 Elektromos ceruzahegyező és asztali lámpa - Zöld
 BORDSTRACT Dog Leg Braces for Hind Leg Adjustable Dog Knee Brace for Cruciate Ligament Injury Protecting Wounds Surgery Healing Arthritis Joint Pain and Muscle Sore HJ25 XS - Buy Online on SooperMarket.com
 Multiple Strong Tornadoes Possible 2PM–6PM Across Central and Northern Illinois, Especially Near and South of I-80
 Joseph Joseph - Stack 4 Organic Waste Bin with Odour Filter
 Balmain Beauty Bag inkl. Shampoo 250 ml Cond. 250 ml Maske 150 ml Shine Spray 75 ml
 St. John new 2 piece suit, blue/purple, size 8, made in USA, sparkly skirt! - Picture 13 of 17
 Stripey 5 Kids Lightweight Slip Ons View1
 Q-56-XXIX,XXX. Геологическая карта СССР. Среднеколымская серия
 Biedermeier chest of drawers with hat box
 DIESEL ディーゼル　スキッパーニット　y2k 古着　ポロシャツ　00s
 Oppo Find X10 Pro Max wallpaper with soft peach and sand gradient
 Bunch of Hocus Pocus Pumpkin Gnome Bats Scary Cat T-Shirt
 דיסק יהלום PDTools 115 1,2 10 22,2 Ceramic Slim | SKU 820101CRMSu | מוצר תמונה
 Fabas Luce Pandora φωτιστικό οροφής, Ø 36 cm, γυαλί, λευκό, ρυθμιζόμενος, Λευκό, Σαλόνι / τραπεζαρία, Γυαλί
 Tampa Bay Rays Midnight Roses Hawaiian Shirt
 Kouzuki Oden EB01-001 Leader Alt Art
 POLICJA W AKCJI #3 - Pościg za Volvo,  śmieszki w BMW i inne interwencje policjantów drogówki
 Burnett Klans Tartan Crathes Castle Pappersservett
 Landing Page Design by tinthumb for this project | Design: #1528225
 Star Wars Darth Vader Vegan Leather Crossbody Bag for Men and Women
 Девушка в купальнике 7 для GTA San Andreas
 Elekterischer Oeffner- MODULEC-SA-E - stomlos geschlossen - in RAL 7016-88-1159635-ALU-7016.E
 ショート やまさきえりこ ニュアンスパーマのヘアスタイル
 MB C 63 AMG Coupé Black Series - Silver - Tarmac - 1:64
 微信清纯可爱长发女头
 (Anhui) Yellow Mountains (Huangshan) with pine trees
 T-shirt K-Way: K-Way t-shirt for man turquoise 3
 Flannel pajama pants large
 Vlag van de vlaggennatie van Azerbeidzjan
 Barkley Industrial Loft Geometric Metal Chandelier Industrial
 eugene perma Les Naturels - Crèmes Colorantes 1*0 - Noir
________________________________________
• [What the exercise asks] In the listing above, find the line holding "DIESEL ディーゼル　スキッパーニット　y2k 古着　ポロシャツ　00s" and the line holding "Fabas Luce Pandora", then output those two lines and every line between them exactly.

• [Response]
 DIESEL ディーゼル　スキッパーニット　y2k 古着　ポロシャツ　00s
 Oppo Find X10 Pro Max wallpaper with soft peach and sand gradient
 Bunch of Hocus Pocus Pumpkin Gnome Bats Scary Cat T-Shirt
 דיסק יהלום PDTools 115 1,2 10 22,2 Ceramic Slim | SKU 820101CRMSu | מוצר תמונה
 Fabas Luce Pandora φωτιστικό οροφής, Ø 36 cm, γυαλί, λευκό, ρυθμιζόμενος, Λευκό, Σαλόνι / τραπεζαρία, Γυαλί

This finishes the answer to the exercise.